Das Monster in den Gassen: Wie der Golem in die Welt kam

Wesen aus Ton, Steine, Erde: Das Jüdische Museum Berlin präsentiert die Kulturgeschichte des Golems.

Wie der Golem in die Welt kam: mit Rauch und Blitz und unter heftigem Armgefuchtel. Rabbi Löw setzt seiner Kreatur, die er aus den vier Elementen Erde, Wasser, Feuer und Luft erschaffen hat, einen fünfzackigen Stern in die Brust und dreht daran wie an einer Schraube. Flatternd öffnet der Golem seine asiatisch anmutenden Augen, um unter seiner helmartigen Prinz-Eisenherz-Frisur lauernd-neugierige Blicke in den Raum zu werfen. Dann stakst er los, den Befehlen seines Meisters gehorchend, roboterhaft ungelenk. Den Gehilfen stößt er rüde um. Er ist ein Riese, der wie aus Ton gebacken aussieht. Auf der Welt ist er, um die Juden von Prag zu beschützen. Doch bald wird aus dem Retter eine Gefahr.

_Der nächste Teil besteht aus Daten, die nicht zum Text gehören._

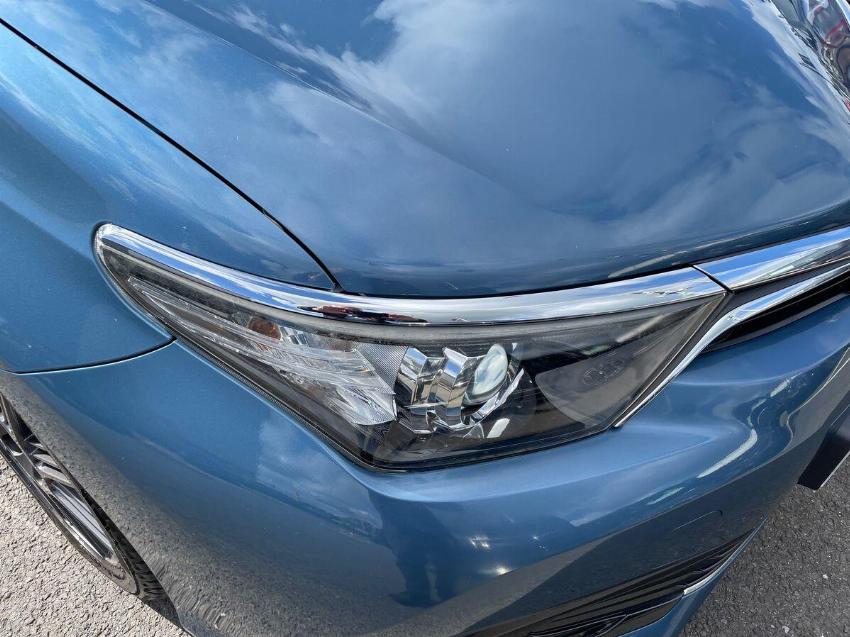 2018 18 TOYOTA AURIS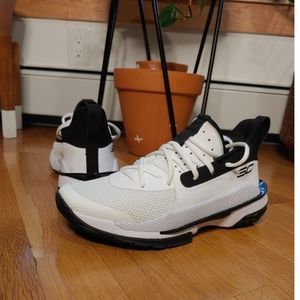 Under Armour Curry Basketball Shoes-Like New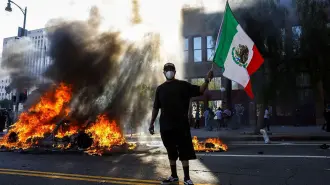 Desde la Casa Blanca se ordenó el despliegue de al menos 2,000 guardias nacionales para contener las manifestaciones. El gobernador de California, Newsom, rechazó la acción, mientras la alcaldesa de Los Ángeles, Bass, afirmó que estas tácticas siembran terror en la comunidad.

Para más información del tema, visita: https://www.eleconomista.com.mx/politica/arrecian-redadas-migrantes-angeles-20250609-762794.html

¡Síguenos en nuestras redes sociales para mantenerte informado!

Twitter: https://twitter.com/eleconomista 
Facebook: https://www.facebook.com/ElEconomista.mx
Instagram: https://www.instagram.com/eleconomistamx
LinkedIn: https://www.linkedin.com/company/el-economista/

#ElEconomista #EETV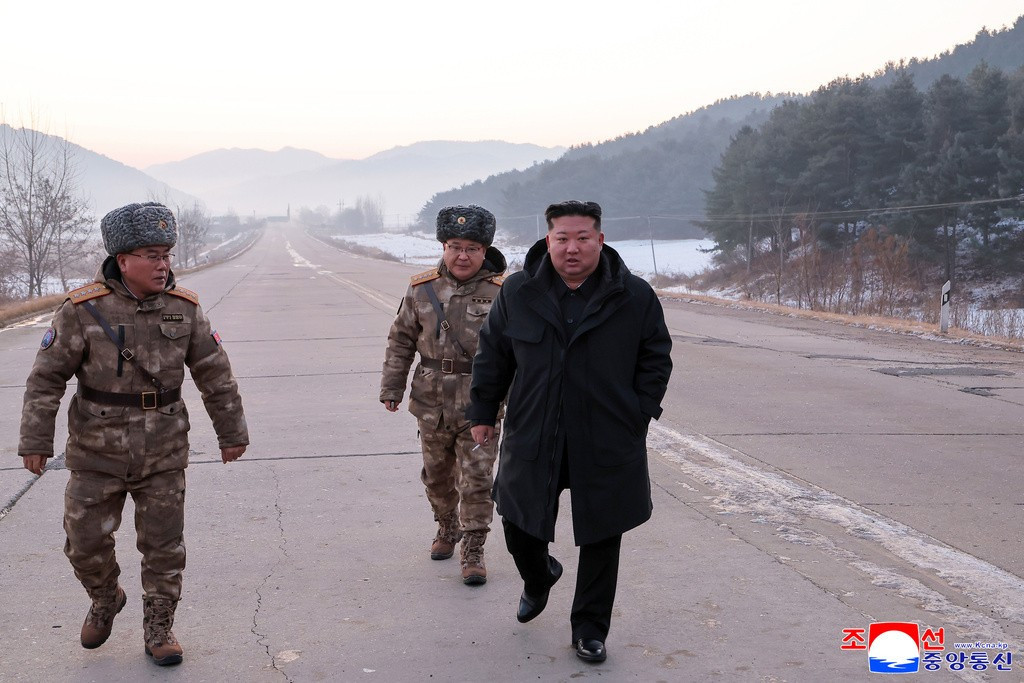 Chủ tịch Triều Tiên Kim Jong Un thị sát đợt thử nghiệm vũ khí chiến lược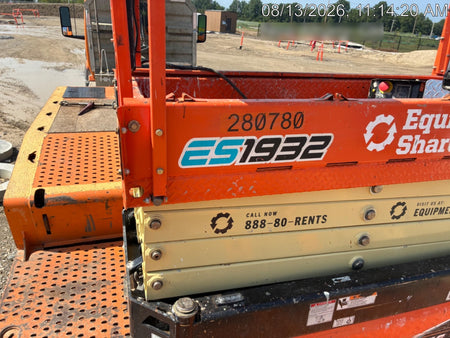 2022 JLG ES1932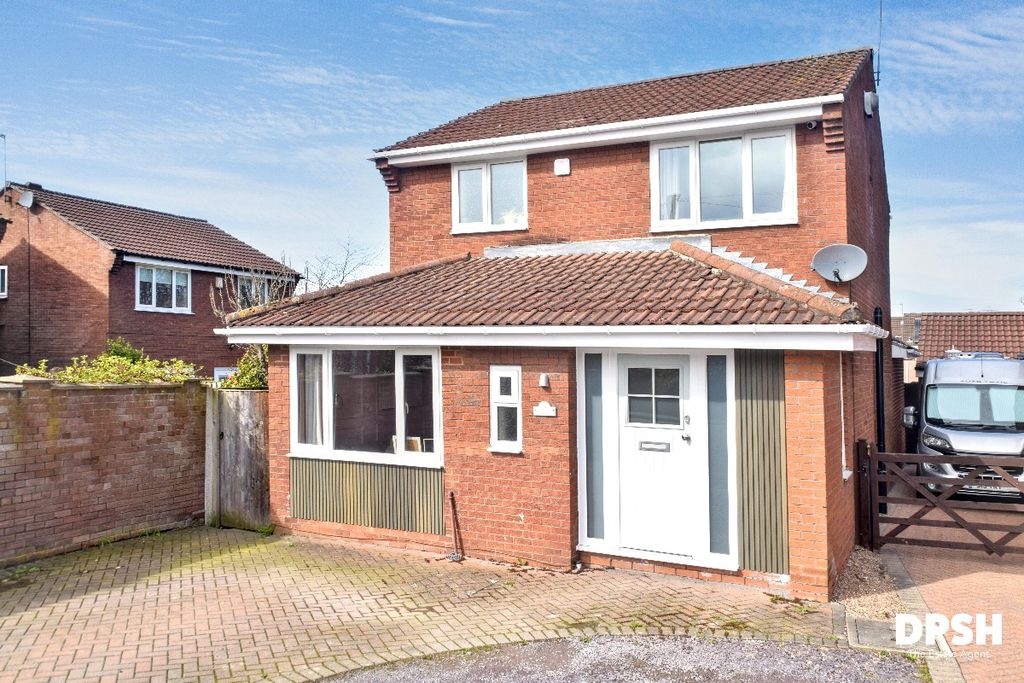 Property photo 1 of 26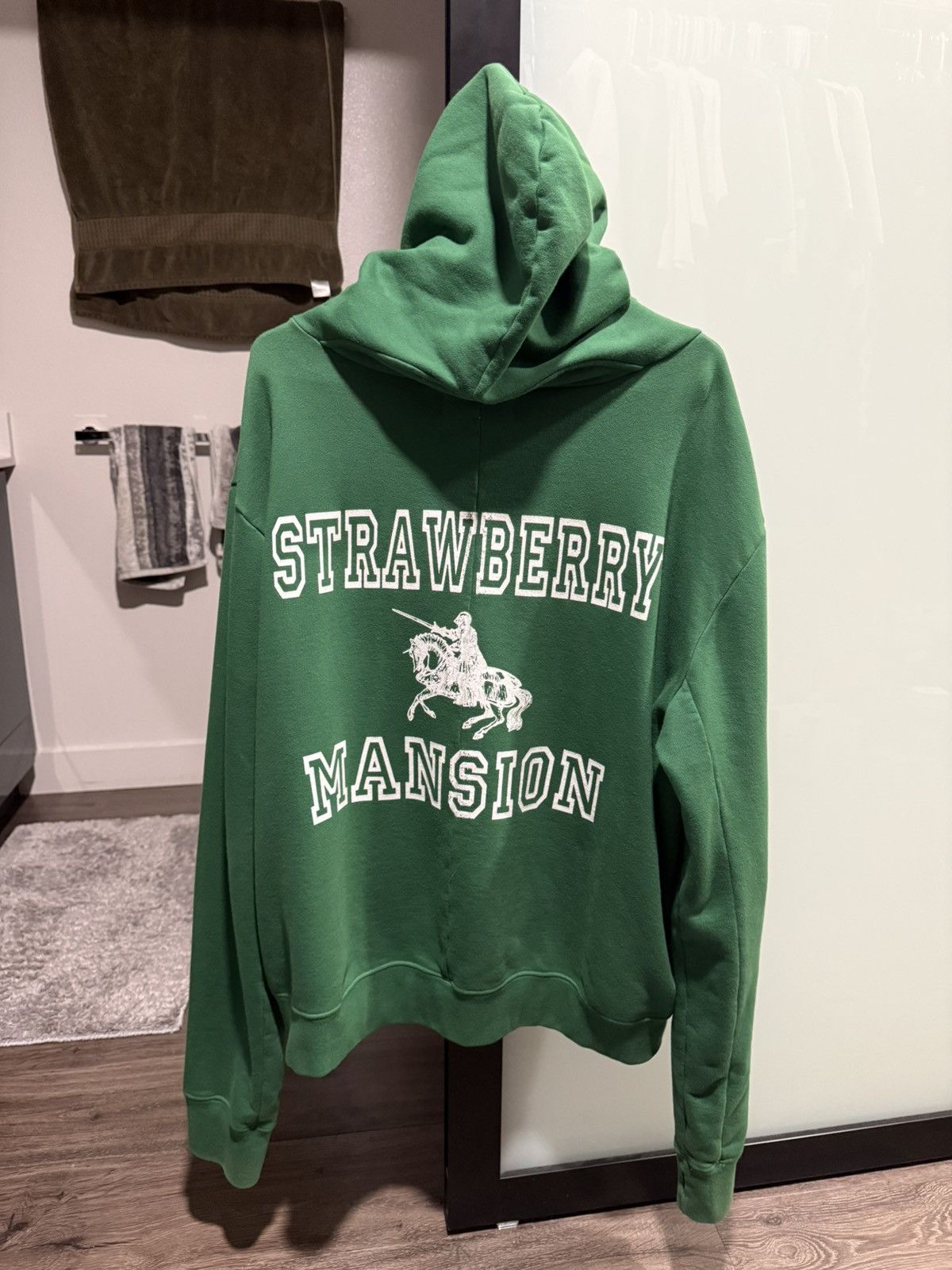 Unwanted Unwanted Strawberry Mansion Zip-Up Hoodie (L) Size US L / EU 52-54 / 3 - 2 Thumbnail
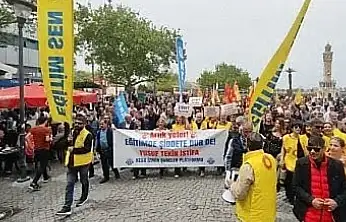 İzmir'de eğitimde şiddete karşı yürüyüş: Bakan Tekin'e istifa çağrısı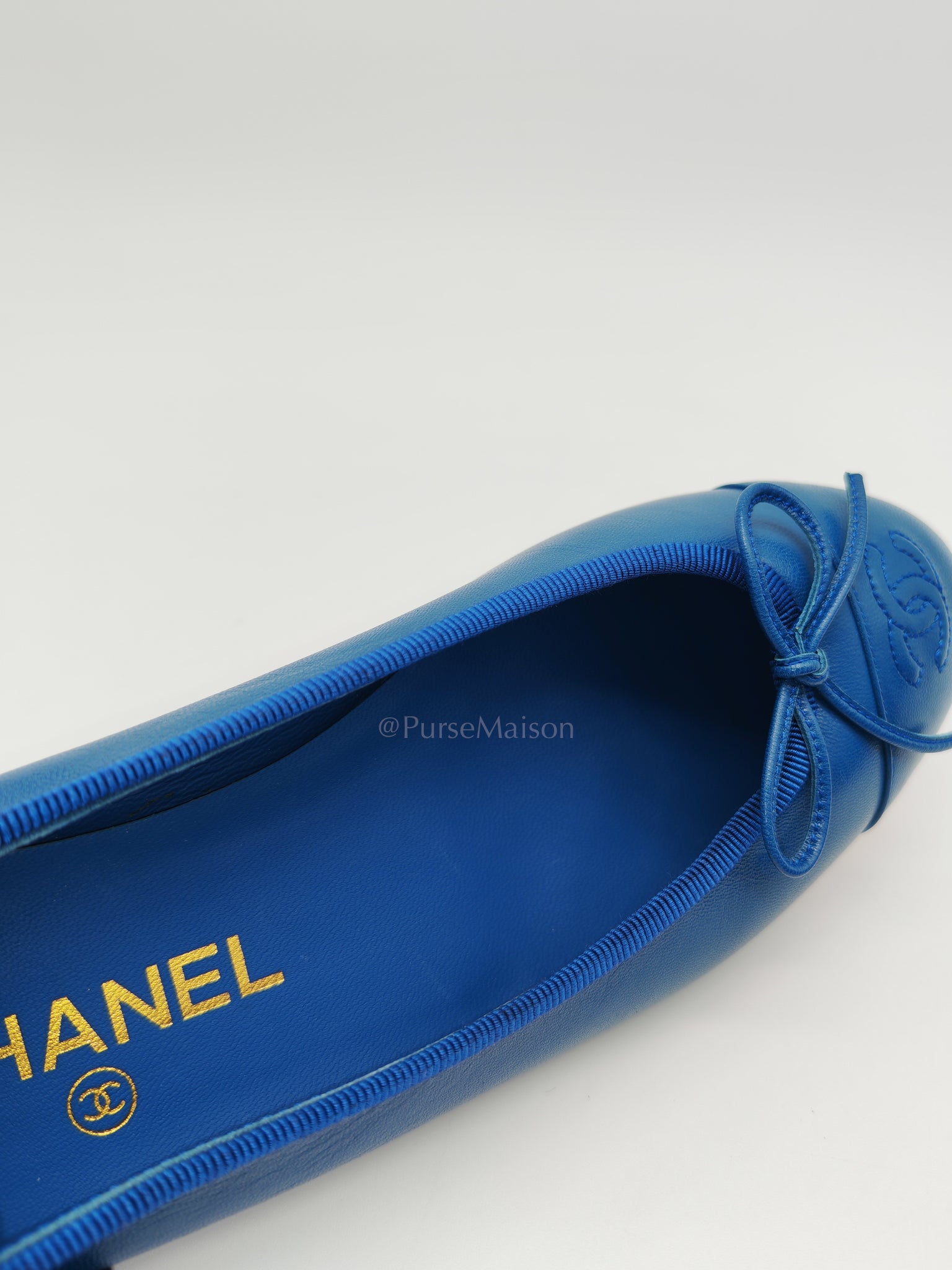 Ballet Flats in Blue Lambskin Leather Size 38EU (24cm) | Purse Maison Luxury Bags Shop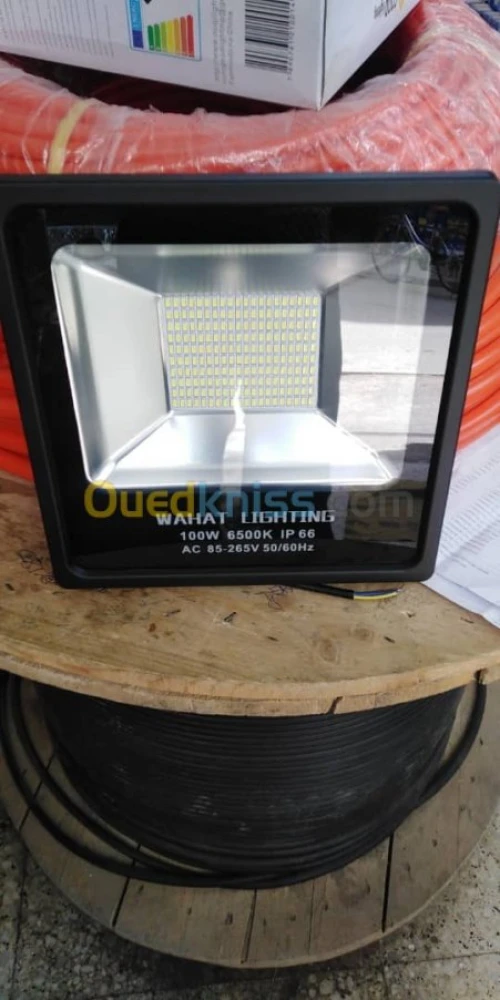 Luminaires _ projecteur_ multicolore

Paul Wegener, Theaterstar an den Berliner Max-Reinhardt-Bühnen, hat zwischen 1914 und 1920 gleich drei Golem-Filme inszeniert. In allen drei Filmen übernahm er die Titelrolle, neben ihm spielte seine damalige Ehefrau Lyda Salmonova. Keiner hat das Bild von dem mythischen Monster stärker geprägt als Wegener, deshalb ist ihm in der Golem-Ausstellung des Jüdischen Museums Berlin ein eigener Raum unter der Überschrift „Horror und Magie“ gewidmet.

Der Golem, eigentlich ein unschuldiges Wesen, fühlte sich, ähnlich wie später Frankensteins aus Leichenteilen gefertigtes Monster, zu Kindern hingezogen. Ein Standfoto zeigt ihn mit einem Mädchen, das ihm einen Apfel reicht. Wegener verkörperte mit seiner wuchtigen Darstellung den Typus des kämpferischen, frühzionistischen „Muskeljuden“, das Gegenbild zum antisemitischen Klischee eines verweichlichten „Ghettojuden“.

Ein gefallener Riese

Die Entwürfe zu „Der Golem, wie er in die Welt kam“ sind Kunstwerke aus eigenem Recht. Filmarchitekt Hans Poelzig schuf expressionistisch gezackte Albtraumkulissen, ein klaustrophobisches Prag aus dem nervösen Umbruchsgefühl des Nachkriegs-Berlin. Filmplakate präsentieren mittelalterliche Giebelhäuser, die sich wie Bäume biegen oder in Flammen stehen. Nichts bleibt, wie es war, die Welt gerät ins Wanken. Im Raum zur jüdischen Mystik liegt ein übermenschengroßer Golem, zusammengebaut vom amerikanischen Künstler Joshua Abarbanel. Er glotzt zur Decke, Arme und Beine weit abgespreizt. Ein gefallener Riese, ähnlich lächerlich wie Superman im Käfig.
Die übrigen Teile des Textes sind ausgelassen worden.